Blacklists are wrong way to distinguish ‘fake’ news sites from real ones
Recently, I’ve seen far too many attempts to distinguish “good” news sources from “fake” and biased ones through the use of blacklists, usually long lists of news sources identified as suspect with no explanation or evidence provided, and often in a suspiciously even mix of left-wing and right-wing sites (i.e., “both-siderism” clearly at work).
This is altogether the wrong way to help people determine which news reports are most reliable. For one, as seen with Twitter trolls, identifying one by name might lead to that account being suspended, but the same person can quickly and easily set up another new account with a completely different name and start dishing out the same bile again with little interruption. Distinguishing good from bad with static lists is, to mix metaphors, a Sisyphean task of whack-a-mole.
Another problem: “good” news sources can — and have — disseminated “bad” and “fake” news: See, for example, the rush to drum up the case for the 2003 U.S./coalition invasion of Iraq. Many so-called mainstream and respectable news outlets — most of them, actually — swallowed the Bush administration’s arguments hook, line and sinker… and repeated them with few questions.
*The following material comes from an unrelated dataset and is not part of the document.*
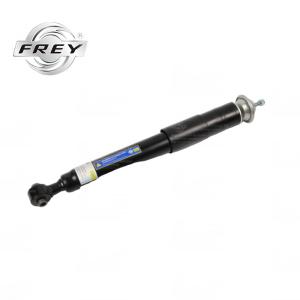 Quality Benz W140 91-98 Rear Auto Parts Shock Absorber 1403261400 Durable wholesale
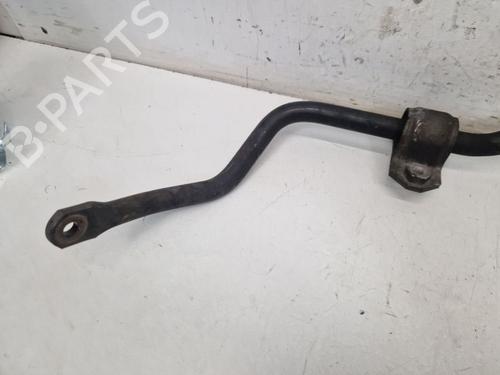 Anti roll bar FIAT 500 (312_) 1.0 Mild Hybrid (312.AYD1B) | BP39007563M96 - Image 3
Their reporters and editors kept their jobs. On the other hand, TV host Phil Donahue, who expressed his opposition to and doubts about the case for war, was fired from MSNBC. Jingoistic and unskeptical reporting back then are to blame for the many who still today believe Iraq really had weapons of mass destruction before the invasion… It didn’t.
No, what’s needed instead of lists is a method for helping readers (and media members themselves) better judge the quality of the information they find on any site. In other words, we need an evidence-supported means of establishing provenance for each purported fact reported in an article, wherever it is. Call it the scientific method for journalism.